Information supplied:
---+---
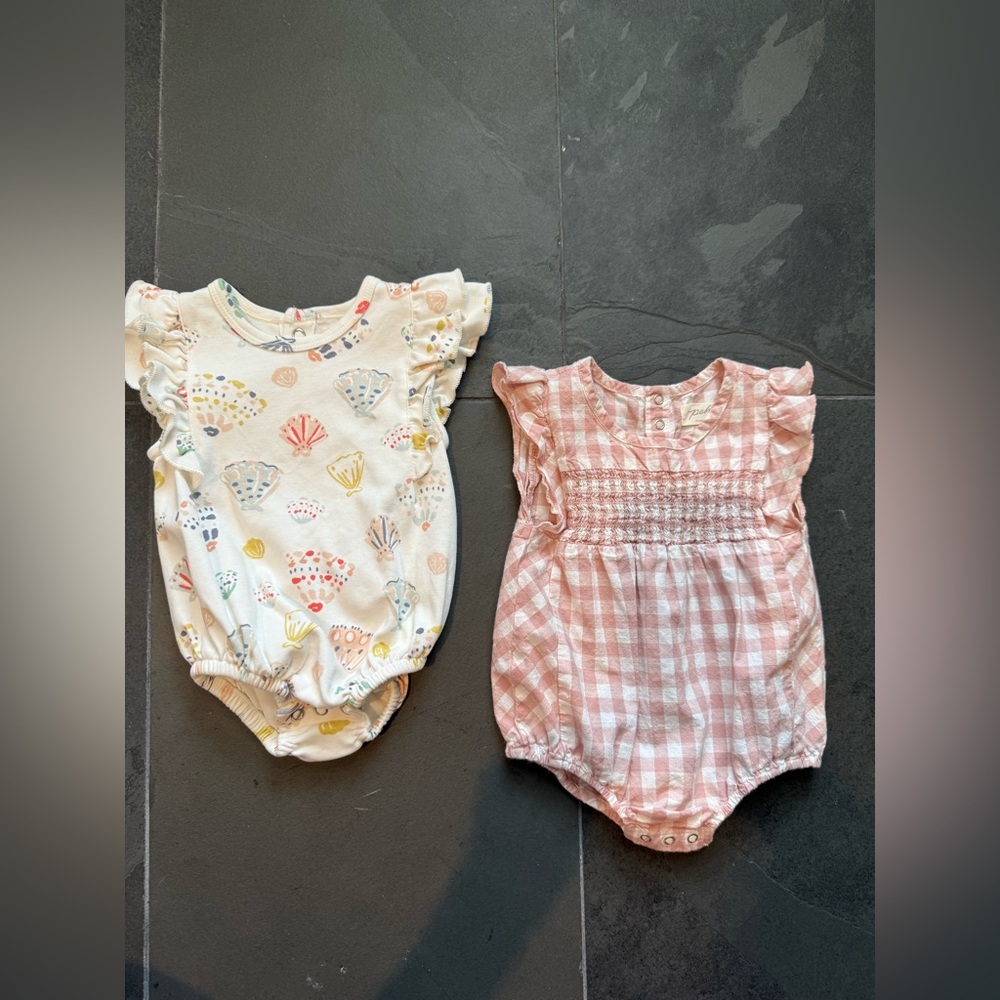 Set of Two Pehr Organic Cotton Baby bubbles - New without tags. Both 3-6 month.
---+---
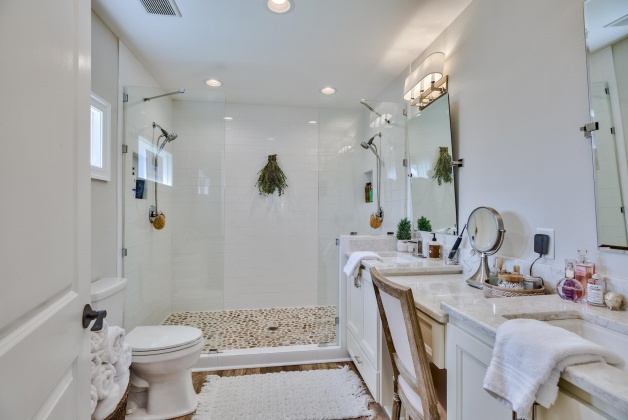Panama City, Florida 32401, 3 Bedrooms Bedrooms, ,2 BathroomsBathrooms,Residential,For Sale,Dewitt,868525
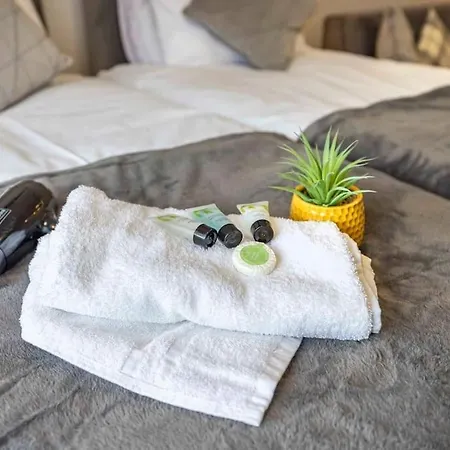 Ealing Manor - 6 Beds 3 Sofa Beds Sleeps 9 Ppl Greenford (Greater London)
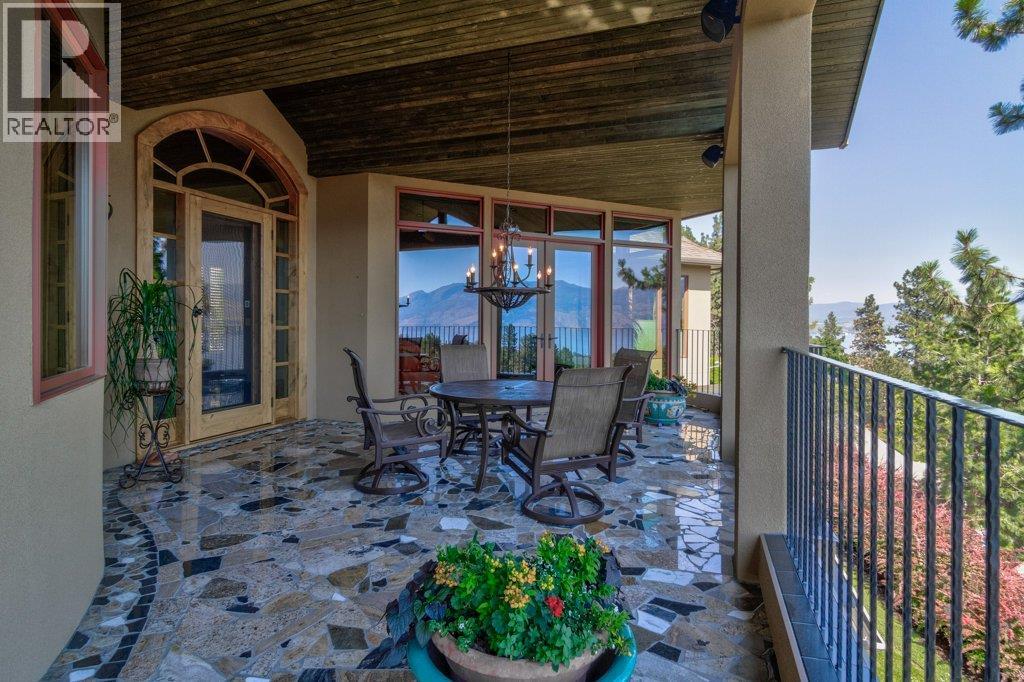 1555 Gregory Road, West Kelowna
---+---
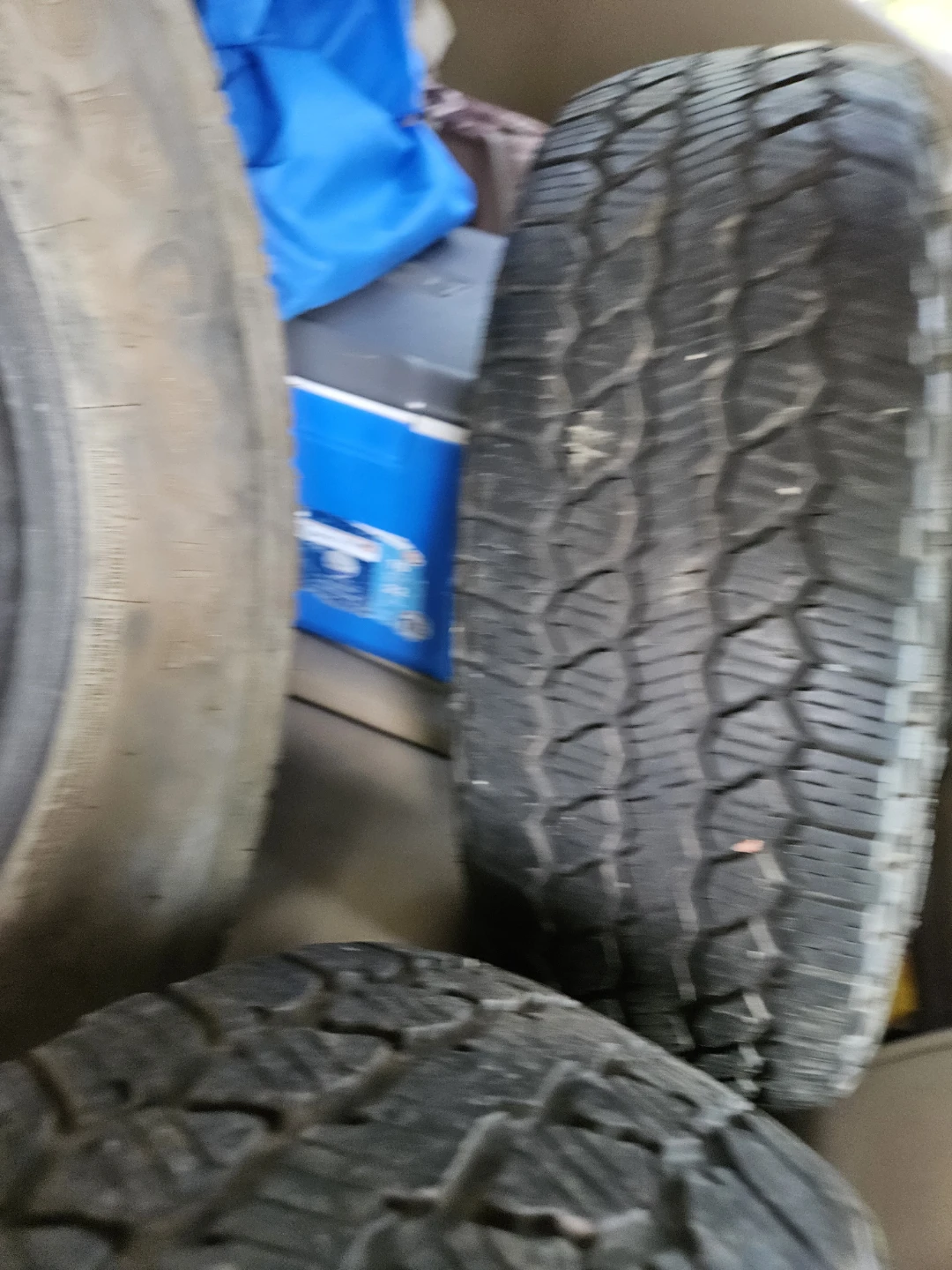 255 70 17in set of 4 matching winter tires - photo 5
---+---
Assignment: Working from the entries above, please transcribe only the lines from the line with "Ealing Manor - 6" through the line with "1555 Gregory Road, West Kelowna", exactly, with both end lines and without pictures.

Answer to this problem:
 Ealing Manor - 6 Beds 3 Sofa Beds Sleeps 9 Ppl Greenford (Greater London)
 1555 Gregory Road, West Kelowna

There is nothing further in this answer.